=== PROBLEM ===
Since the records include pictures, leave those out while you reproduce exactly and only the lines from the one containing "So that's how" through the one containing "And the other", inclusive.

=== DATA ===

********************

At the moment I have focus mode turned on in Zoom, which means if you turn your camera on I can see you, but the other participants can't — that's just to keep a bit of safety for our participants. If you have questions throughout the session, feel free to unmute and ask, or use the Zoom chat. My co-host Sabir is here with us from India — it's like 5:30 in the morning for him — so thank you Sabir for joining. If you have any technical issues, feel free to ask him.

********************

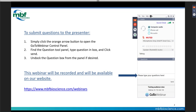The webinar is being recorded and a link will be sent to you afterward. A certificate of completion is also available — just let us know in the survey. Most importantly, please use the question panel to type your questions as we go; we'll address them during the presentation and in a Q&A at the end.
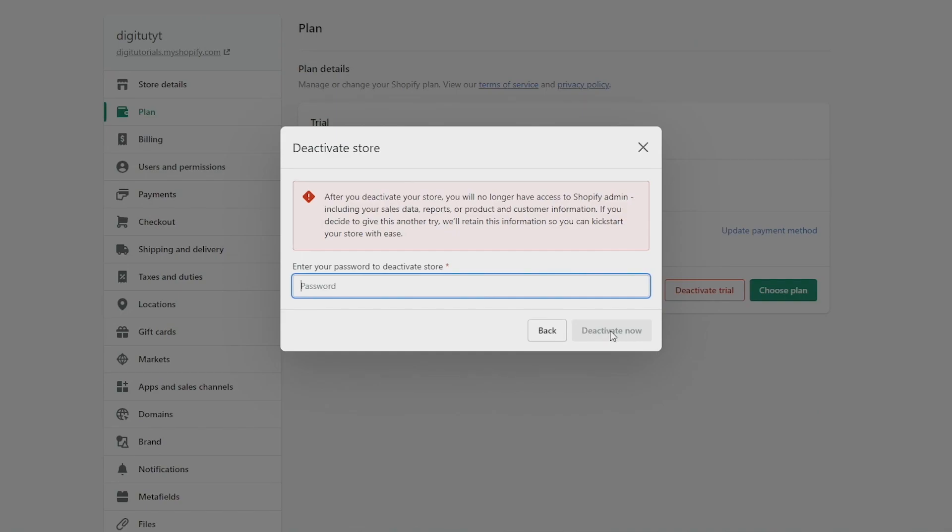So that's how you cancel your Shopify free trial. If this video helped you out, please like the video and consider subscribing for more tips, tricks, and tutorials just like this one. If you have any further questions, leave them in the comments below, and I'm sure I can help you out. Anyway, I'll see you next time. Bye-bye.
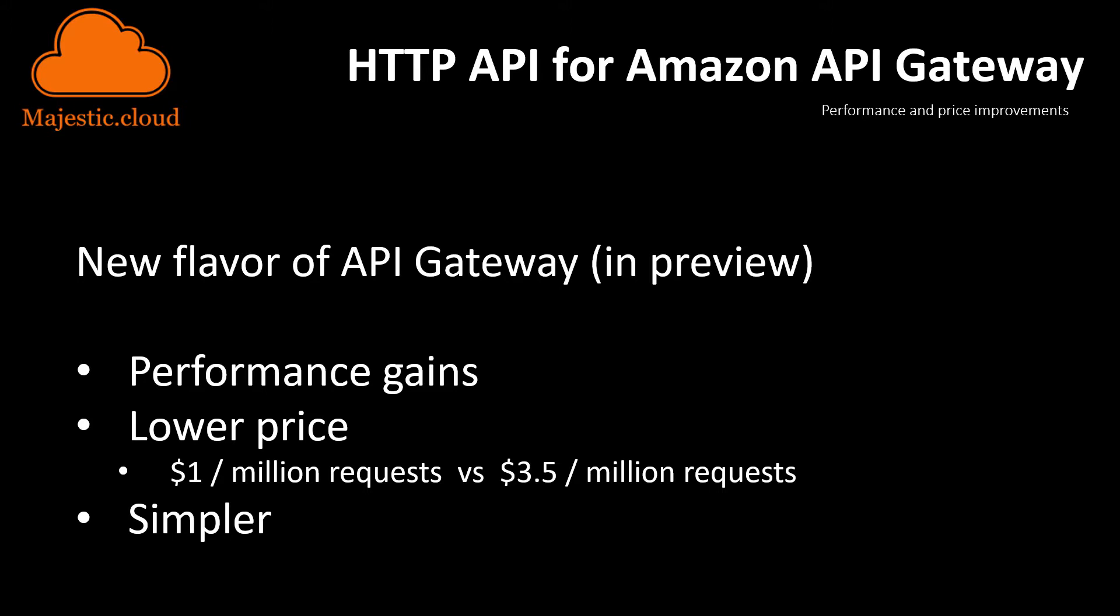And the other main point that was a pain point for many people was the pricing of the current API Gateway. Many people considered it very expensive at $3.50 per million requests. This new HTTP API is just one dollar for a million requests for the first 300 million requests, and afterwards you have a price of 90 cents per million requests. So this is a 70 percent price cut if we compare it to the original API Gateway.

********************

=== RESPONSE ===
So that's how you cancel your Shopify free trial. If this video helped you out, please like the video and consider subscribing for more tips, tricks, and tutorials just like this one. If you have any further questions, leave them in the comments below, and I'm sure I can help you out. Anyway, I'll see you next time. Bye-bye.
And the other main point that was a pain point for many people was the pricing of the current API Gateway. Many people considered it very expensive at $3.50 per million requests. This new HTTP API is just one dollar for a million requests for the first 300 million requests, and afterwards you have a price of 90 cents per million requests. So this is a 70 percent price cut if we compare it to the original API Gateway.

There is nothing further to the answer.